Exercise: Please return exactly the line that contains "piele eco vidaXL" and every line after it, through the last line of the records below, with no pictures.

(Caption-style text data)
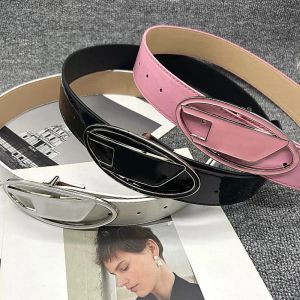 Leather Belt For Women Men Pink Designers Belts Luxury Brand Waistband Silver Smooth Buckle Belt Lady Ceinture D Embellished Jeans Belts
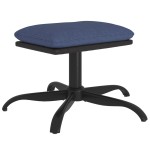 vidaXL Taburet, albastru, 60x60x36 cm, material textil și piele eco vidaXL Taburet, albastru, 60x60x36 cm, material textil și piele eco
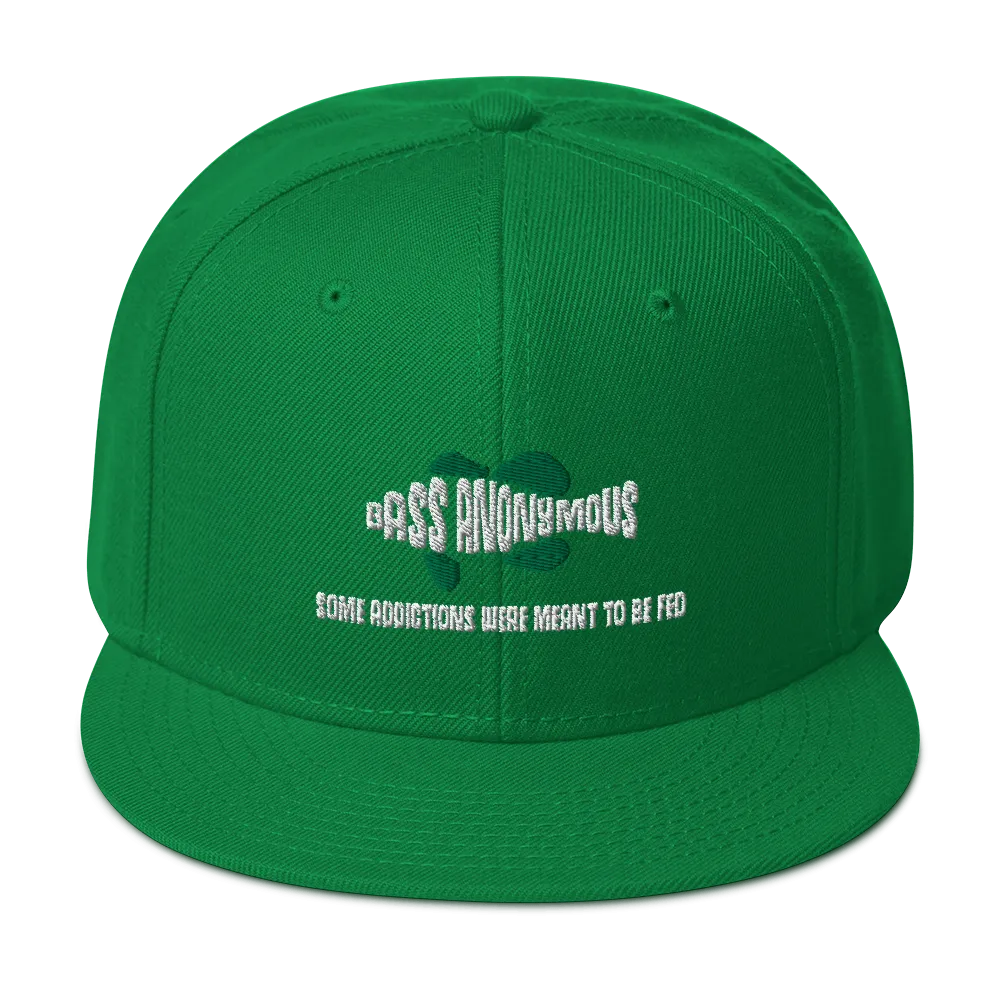 Bass Anonymous Snapback Hat with SwimLogo and Slogan
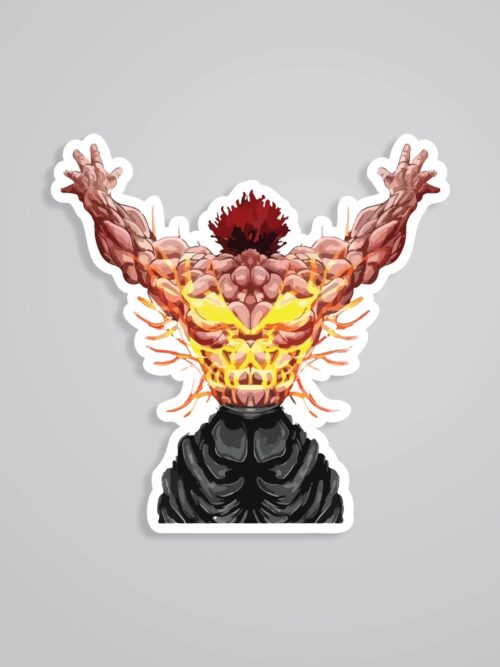 Baki The Beast In Human Form Anime Stickers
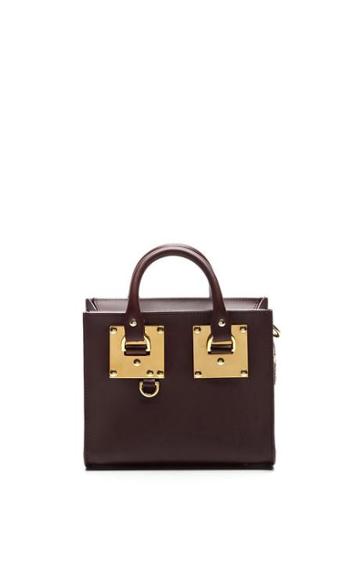 Sophie Hulme Box Tote Bag In Oxblood Oxblood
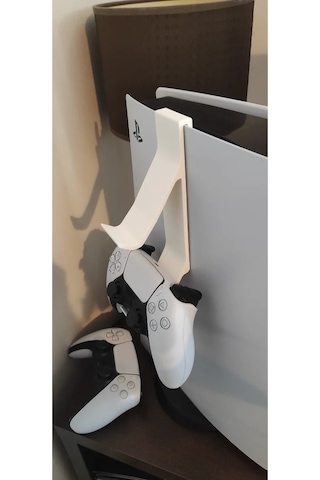 Ps5 Uyumlu 2'li Kol Tutucu Aparat, Ps5 Konsol Aparatı, Ps5 Joystick Standı Beyaz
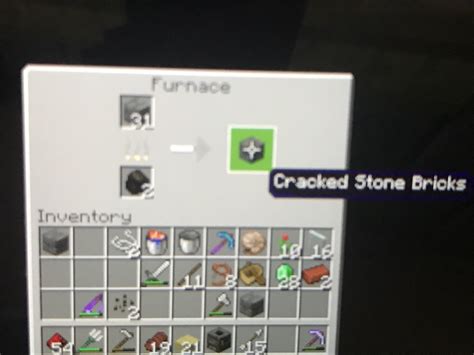 How To Make Cracked Stone Bricks In Minecraft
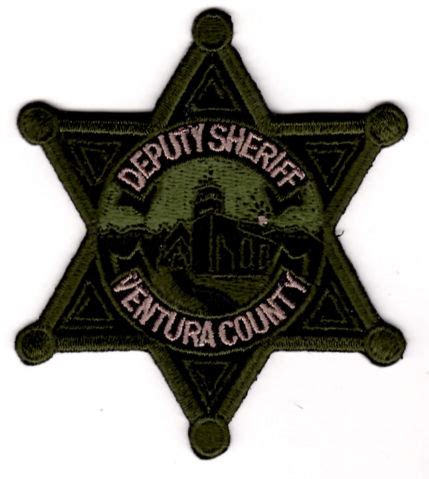 IRON OR SEW-ON PATCH SHOULDER PATCH VENTURA COUNTY SHERIFF Collectibles ...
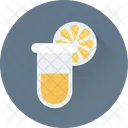 Sample Tube Lemon Icon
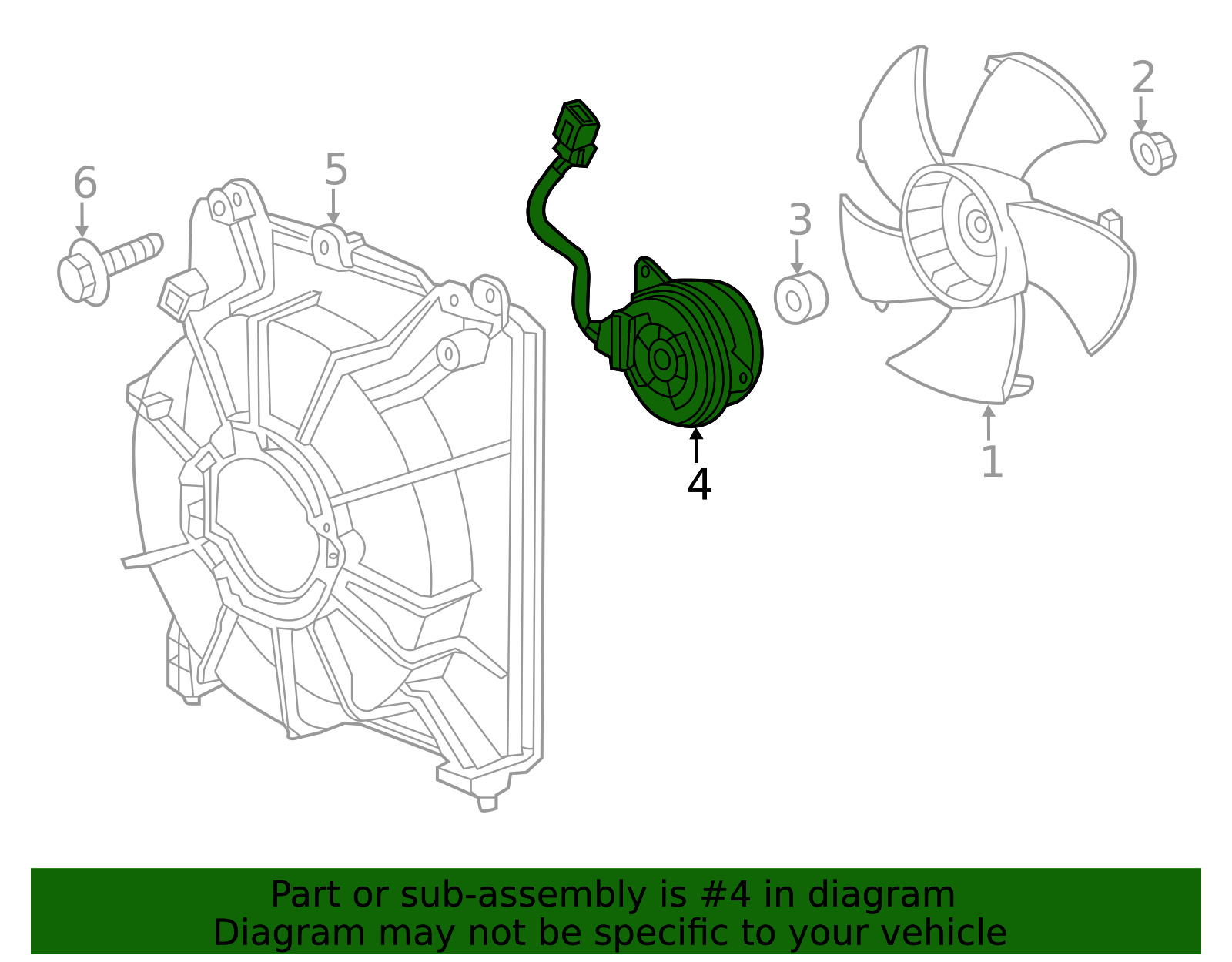 2009-2016 Honda Fan Motor 19030-RB0-014 | OEM Parts Online
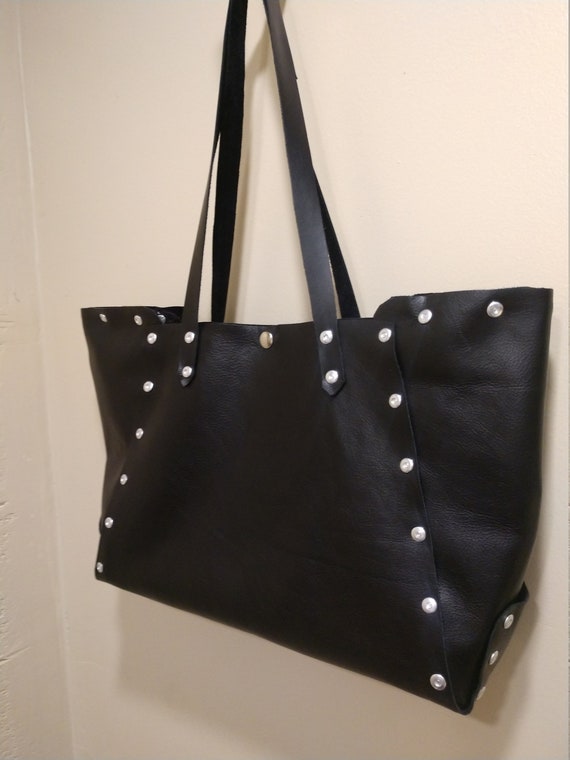 Leather black handbag special order
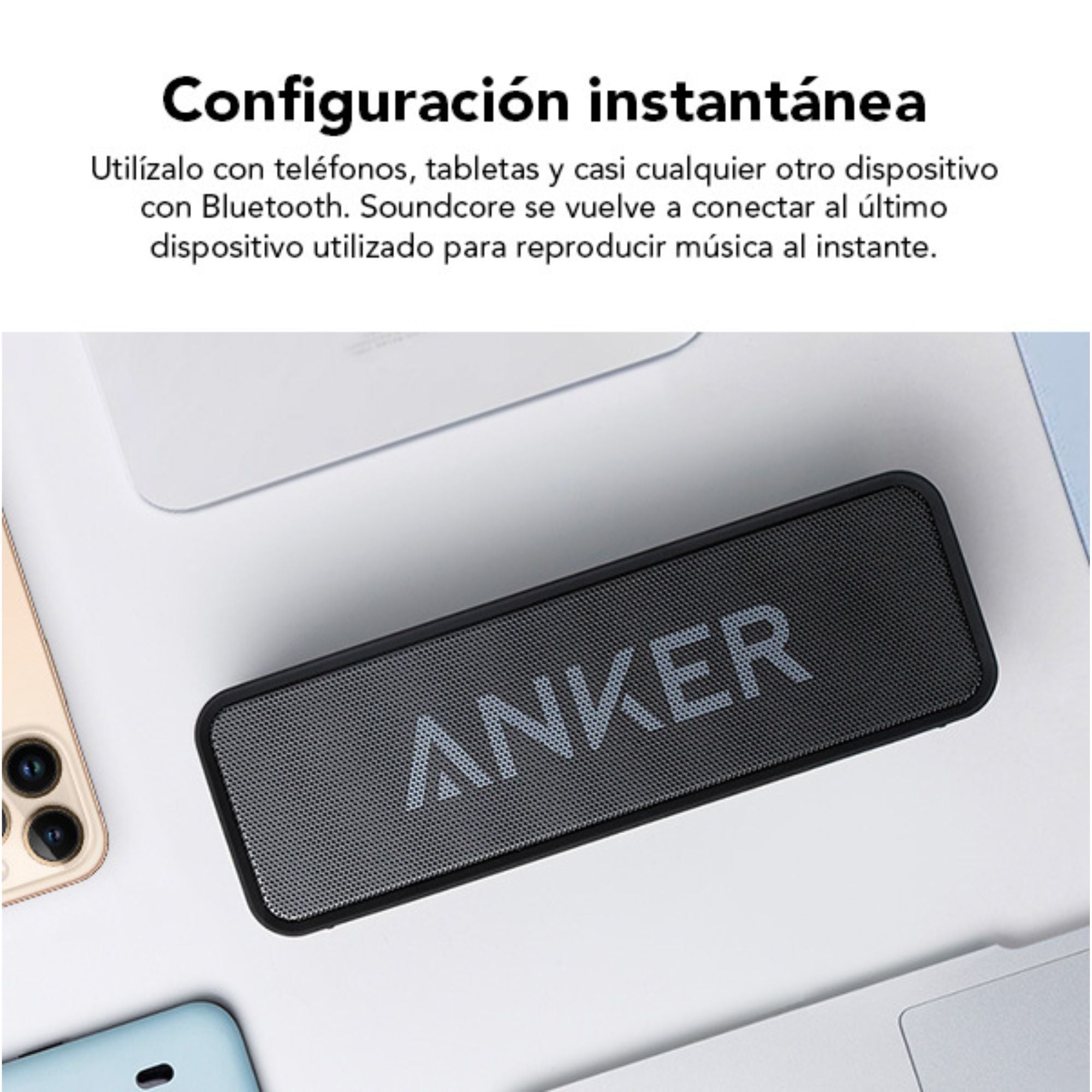 Altavoz Soundcore 1 Bluetooth Anker 24 Hrs 6w Ipx5 Negro Portatil Negro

Worked solution:
 vidaXL Taburet, albastru, 60x60x36 cm, material textil și piele eco vidaXL Taburet, albastru, 60x60x36 cm, material textil și piele eco
 Bass Anonymous Snapback Hat with SwimLogo and Slogan
 Baki The Beast In Human Form Anime Stickers
 Sophie Hulme Box Tote Bag In Oxblood Oxblood
 Ps5 Uyumlu 2'li Kol Tutucu Aparat, Ps5 Konsol Aparatı, Ps5 Joystick Standı Beyaz
 How To Make Cracked Stone Bricks In Minecraft
 IRON OR SEW-ON PATCH SHOULDER PATCH VENTURA COUNTY SHERIFF Collectibles ...
 Sample Tube Lemon Icon
 2009-2016 Honda Fan Motor 19030-RB0-014 | OEM Parts Online
 Leather black handbag special order
 Altavoz Soundcore 1 Bluetooth Anker 24 Hrs 6w Ipx5 Negro Portatil Negro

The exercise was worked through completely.